А спектакль Мещангина «Уйди-уйди» по пьесе Н. Коляды, который был поставлен в самые тяжелые для театра годы, и играли его в уже разрушенном театре на месте бывшего буфета, объездил, кажется, всю Россию. Никогда не забуду, как шли мы с критиком Владиславой Куприной после спектакля, всхлипывая и утирая слезы, и наткнулись на Валентину Мещангину, которая, съежившись, сидела в углу. Мы бросились ее поздравлять с замечательной ролью, а она испуганно спросила: «А вам правда это нравится? А вот зрителям – нет. Они говорят чернуха». Помню, мы тогда связались с Николаем Колядой и попросили взять его в афишу своего фестиваля «Коляда-plays». Он взял с неохотой. Афиша была уже сформирована. А когда они сыграли, рыдающее жюри еще за два дня до конца фестиваля заявило, что это Гран-При. И что это лучшая женская роль. А Коляда и на спектакле-то не был. Его это так задело, что потом он пригласил этот спектакль в свой театр в Екатеринбург и продал билеты по большим ценам. Позже театр с этим спектаклем победил на фестивале «Театры малых городов» и тоже получил приз за главную женскую роль и поехал с ним в Москву. В Москве я снова смотрела спектакль, он произвел на публику ошеломляющее впечатление. После спектакля Евгений Миронов подарил Валентине Мещангиной букет и встал перед ней на колено. Красивый был жест! А Татьяна Догилева, которая до этого была председателем жюри фестиваля «Театры малых городов», пришла снова и привела с собой целый ряд своих фанатов. Потом «Уйди-Уйди» был на «Володинском фестивале» в Питере и покатился по всем фестивалям России. Станислава Андреевича я всегда звала Стасиком, а он меня Татьяной Николаевной. Хотя мы оба сильно постарели, но он для меня все равно оставался молодым, талантливым студентом, а я оставалась его «преподом». И кажется, ему это было приятно.
«Уйди-уйди»
Листаю старые фотографии и вспоминаю, как приехали после Щукинского училища Анатолий Попов и Галина Кудымова. После выпуска в театр вернулись шестеро, а работать остались только они и Марина Рукавицына. Галина и Анатолий играли очень много, быстро стали ведущими артистами. Яркие, красивые, талантливые — Гуляев очень боялся, что они уедут, времена наставали тяжелые. Но они все выдержали, не уехали. Я очень хорошо помню многие их роли, но как вспышка, в памяти навсегда осталась русская песня, которую Галина пела вместе с Мещангиной, а номер этот поставил Анатолий Попов. Гениально они пели. И это был потрясающий мини-спектакль.

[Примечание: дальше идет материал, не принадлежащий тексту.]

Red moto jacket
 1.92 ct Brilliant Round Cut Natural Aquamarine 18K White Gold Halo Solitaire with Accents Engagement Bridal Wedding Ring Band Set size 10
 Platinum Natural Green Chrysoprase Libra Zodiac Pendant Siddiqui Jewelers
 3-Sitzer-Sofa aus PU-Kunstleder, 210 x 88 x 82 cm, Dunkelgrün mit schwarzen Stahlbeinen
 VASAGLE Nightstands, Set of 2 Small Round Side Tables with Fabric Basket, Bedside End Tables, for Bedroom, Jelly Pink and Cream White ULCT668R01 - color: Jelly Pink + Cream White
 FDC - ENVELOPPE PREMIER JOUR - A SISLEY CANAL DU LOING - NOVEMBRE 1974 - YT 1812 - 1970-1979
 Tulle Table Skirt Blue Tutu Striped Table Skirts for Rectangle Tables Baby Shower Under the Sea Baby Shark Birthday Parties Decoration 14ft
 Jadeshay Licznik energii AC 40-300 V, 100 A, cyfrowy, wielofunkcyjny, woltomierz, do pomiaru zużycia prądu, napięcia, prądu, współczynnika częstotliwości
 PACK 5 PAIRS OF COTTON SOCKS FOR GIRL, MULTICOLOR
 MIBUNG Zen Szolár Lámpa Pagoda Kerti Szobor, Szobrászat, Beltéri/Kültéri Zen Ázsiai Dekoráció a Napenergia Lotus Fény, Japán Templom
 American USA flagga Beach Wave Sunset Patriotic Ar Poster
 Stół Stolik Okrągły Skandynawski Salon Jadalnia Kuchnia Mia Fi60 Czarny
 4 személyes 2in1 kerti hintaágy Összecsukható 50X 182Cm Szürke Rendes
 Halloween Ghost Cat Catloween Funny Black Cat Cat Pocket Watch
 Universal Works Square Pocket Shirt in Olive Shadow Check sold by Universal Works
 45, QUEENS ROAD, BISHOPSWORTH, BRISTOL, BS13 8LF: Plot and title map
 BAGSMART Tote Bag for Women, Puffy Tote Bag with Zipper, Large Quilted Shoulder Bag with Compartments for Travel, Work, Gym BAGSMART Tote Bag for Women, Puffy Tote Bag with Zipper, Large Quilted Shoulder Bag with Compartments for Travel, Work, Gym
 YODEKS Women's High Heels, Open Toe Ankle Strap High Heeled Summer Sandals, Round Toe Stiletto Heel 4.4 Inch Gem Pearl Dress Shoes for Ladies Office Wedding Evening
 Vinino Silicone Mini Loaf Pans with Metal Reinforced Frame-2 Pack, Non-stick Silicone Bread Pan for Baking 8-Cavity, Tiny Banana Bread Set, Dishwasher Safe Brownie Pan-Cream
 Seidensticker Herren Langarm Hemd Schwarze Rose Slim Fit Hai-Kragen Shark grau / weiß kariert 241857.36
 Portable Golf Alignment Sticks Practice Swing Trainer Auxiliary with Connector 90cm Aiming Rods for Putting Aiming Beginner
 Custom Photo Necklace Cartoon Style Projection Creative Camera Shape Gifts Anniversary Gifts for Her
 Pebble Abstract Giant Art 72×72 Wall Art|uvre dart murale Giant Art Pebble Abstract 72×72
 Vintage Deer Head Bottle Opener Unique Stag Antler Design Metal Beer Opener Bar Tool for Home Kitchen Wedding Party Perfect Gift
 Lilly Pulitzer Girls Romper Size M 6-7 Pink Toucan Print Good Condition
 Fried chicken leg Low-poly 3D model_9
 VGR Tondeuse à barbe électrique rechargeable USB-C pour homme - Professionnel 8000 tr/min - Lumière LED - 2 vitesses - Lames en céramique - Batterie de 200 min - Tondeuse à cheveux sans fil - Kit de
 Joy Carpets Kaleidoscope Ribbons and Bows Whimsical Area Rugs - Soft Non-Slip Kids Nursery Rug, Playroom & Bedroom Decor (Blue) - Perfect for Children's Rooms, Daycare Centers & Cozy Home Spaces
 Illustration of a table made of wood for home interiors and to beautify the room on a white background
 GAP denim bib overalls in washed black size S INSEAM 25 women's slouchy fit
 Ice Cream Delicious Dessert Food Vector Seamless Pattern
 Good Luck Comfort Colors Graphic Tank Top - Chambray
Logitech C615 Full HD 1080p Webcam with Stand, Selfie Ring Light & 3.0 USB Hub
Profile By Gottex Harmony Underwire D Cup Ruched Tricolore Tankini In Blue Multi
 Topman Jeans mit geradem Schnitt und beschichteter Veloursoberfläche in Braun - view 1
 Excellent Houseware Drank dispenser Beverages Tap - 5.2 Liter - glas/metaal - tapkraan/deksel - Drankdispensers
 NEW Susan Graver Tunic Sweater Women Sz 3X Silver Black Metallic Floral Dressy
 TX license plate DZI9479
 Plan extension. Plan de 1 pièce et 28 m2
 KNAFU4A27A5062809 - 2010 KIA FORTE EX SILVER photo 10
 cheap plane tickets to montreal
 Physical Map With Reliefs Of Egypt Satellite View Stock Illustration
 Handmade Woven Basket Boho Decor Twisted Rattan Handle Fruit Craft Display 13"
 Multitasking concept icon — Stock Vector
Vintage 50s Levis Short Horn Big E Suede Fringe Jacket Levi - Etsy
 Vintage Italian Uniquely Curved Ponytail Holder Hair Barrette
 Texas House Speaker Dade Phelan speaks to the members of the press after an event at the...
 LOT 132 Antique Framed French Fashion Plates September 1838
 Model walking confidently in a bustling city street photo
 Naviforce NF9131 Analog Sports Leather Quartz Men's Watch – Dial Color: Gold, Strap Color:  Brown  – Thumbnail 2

Когда-то, приехав в Кудымкар, главный режиссер пермского театра оперы и балета Георгий Исаакян, который был тогда председателем Пермского отделения СТД, услышав артистов, поразился: «Откуда у них такие голоса? Это же природой поставленные голоса. Они бывают у тех, кто в степях родился. А они – лесные жители». Я ответила ему, что, наверное, в лесу легкие по-другому дышат, полной грудью, хотя это старое выражение. Так уже давно не говорят. А зря. Хочу, чтобы коми-пермяцкий театр всегда дышал полной грудью.